3 comments
The proposed change does not recognize the critical care transport nursing specialty within the scope nursing practices. With a lack of a critical care interfacility regulation and the over simplification that a critical care transport nurse hold an EMS certification will only further complicate credentialing of the "employed provider" i.e. critical care transport nurse.
The Board of Nursing position statement should mimic the best practices that are authored by the accrediting nursing agencies / Air & Surface Transport Nurse Association (ASTNA) & Accreditation of Medical Transport Systems (CAMTS) which is the recognized specialty of advance scope of practice for critical transport nurses as "employed providers" when working for a health system that holds an EMS agency number .

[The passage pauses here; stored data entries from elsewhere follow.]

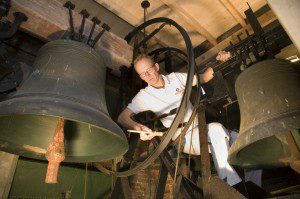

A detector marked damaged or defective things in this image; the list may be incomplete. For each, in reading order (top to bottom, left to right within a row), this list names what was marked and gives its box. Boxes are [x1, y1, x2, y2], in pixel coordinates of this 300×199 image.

rust stain on bell [45, 117, 65, 184]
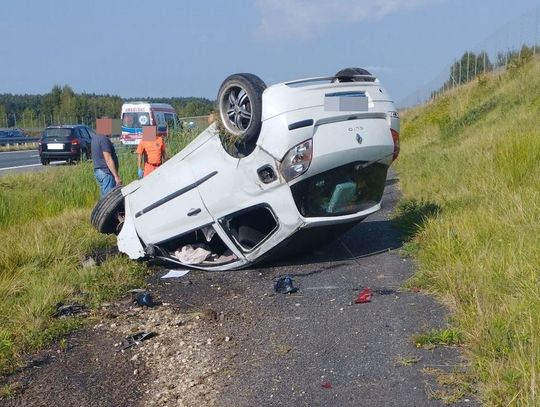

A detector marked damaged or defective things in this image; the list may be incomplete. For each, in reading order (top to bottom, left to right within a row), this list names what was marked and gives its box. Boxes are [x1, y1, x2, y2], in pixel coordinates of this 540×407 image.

overturned white car [89, 67, 400, 270]
broken plastic piece [274, 278, 300, 294]
broken plastic piece [354, 288, 372, 304]
broken plastic piece [121, 332, 158, 350]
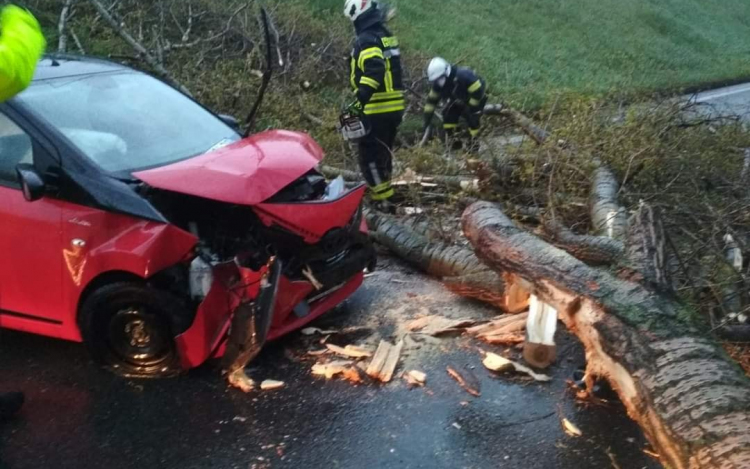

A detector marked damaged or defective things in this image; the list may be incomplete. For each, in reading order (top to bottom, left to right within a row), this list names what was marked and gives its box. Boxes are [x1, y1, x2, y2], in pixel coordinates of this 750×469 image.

damaged red car [0, 55, 376, 376]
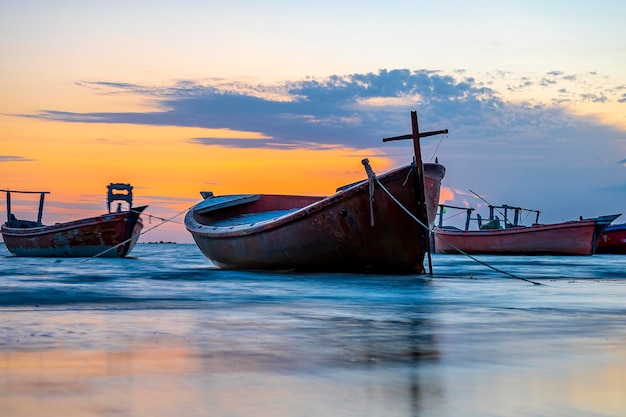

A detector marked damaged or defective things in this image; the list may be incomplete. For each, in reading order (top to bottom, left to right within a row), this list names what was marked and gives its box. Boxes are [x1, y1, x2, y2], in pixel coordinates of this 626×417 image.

large rusty wooden boat [1, 183, 145, 256]
large rusty wooden boat [183, 110, 446, 272]
large rusty wooden boat [432, 203, 616, 255]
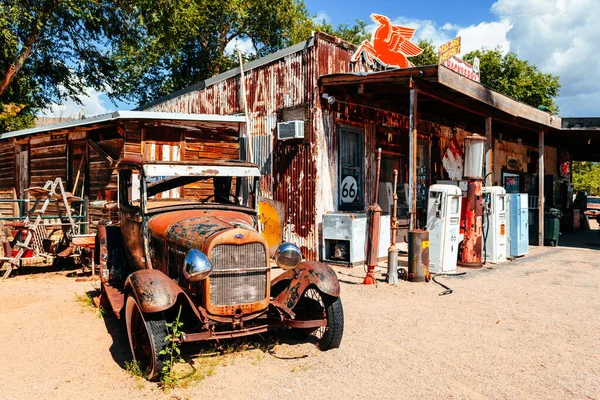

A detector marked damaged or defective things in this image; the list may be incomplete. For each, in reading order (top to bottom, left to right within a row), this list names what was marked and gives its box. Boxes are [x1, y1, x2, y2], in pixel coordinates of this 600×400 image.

rusted metal roof [0, 110, 245, 140]
rusty vintage car [96, 155, 344, 380]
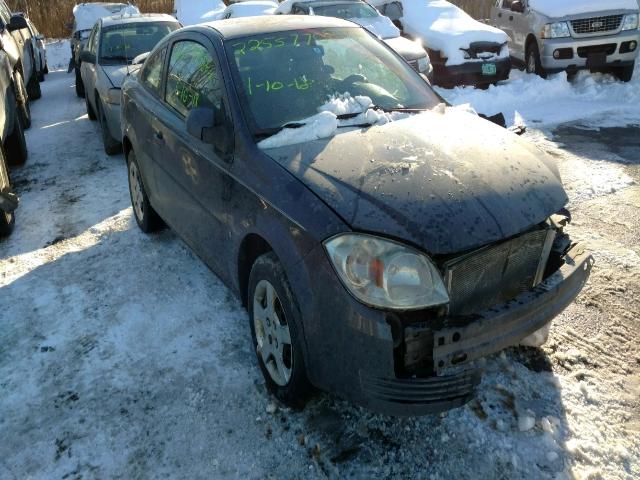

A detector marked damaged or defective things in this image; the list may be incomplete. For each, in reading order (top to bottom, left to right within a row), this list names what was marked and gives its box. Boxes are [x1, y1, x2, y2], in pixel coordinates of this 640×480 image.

broken headlight [540, 22, 568, 39]
broken headlight [324, 233, 450, 310]
damaged bumper [358, 244, 592, 416]
damaged front end [362, 215, 592, 416]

Agree with Mr. Riley regarding the oversimplification and unnecessary steps to ensure the best use of employed transport nurses in the the environment for which they have been specifically trained, evaluated, and approved to practice by their physician medical director. Great efforts have already been made by medical transport industry experts. ASTNA and CAMTS guidelines would far better serve the Virginia Board of Nursing as the foundation for their statement on the matter.
Agree with the prior comments.
The proposed change creates unnecessary hurdles for critical care transport nurses employed by EMS agencies and undermines the strides made over the last two decades to recognize and standardize best practices by agencies such as the Commission on Accreditation of Medical Transport Systems (CAMTS) and the Air & Surface Transport Nurses Association (ASTNA).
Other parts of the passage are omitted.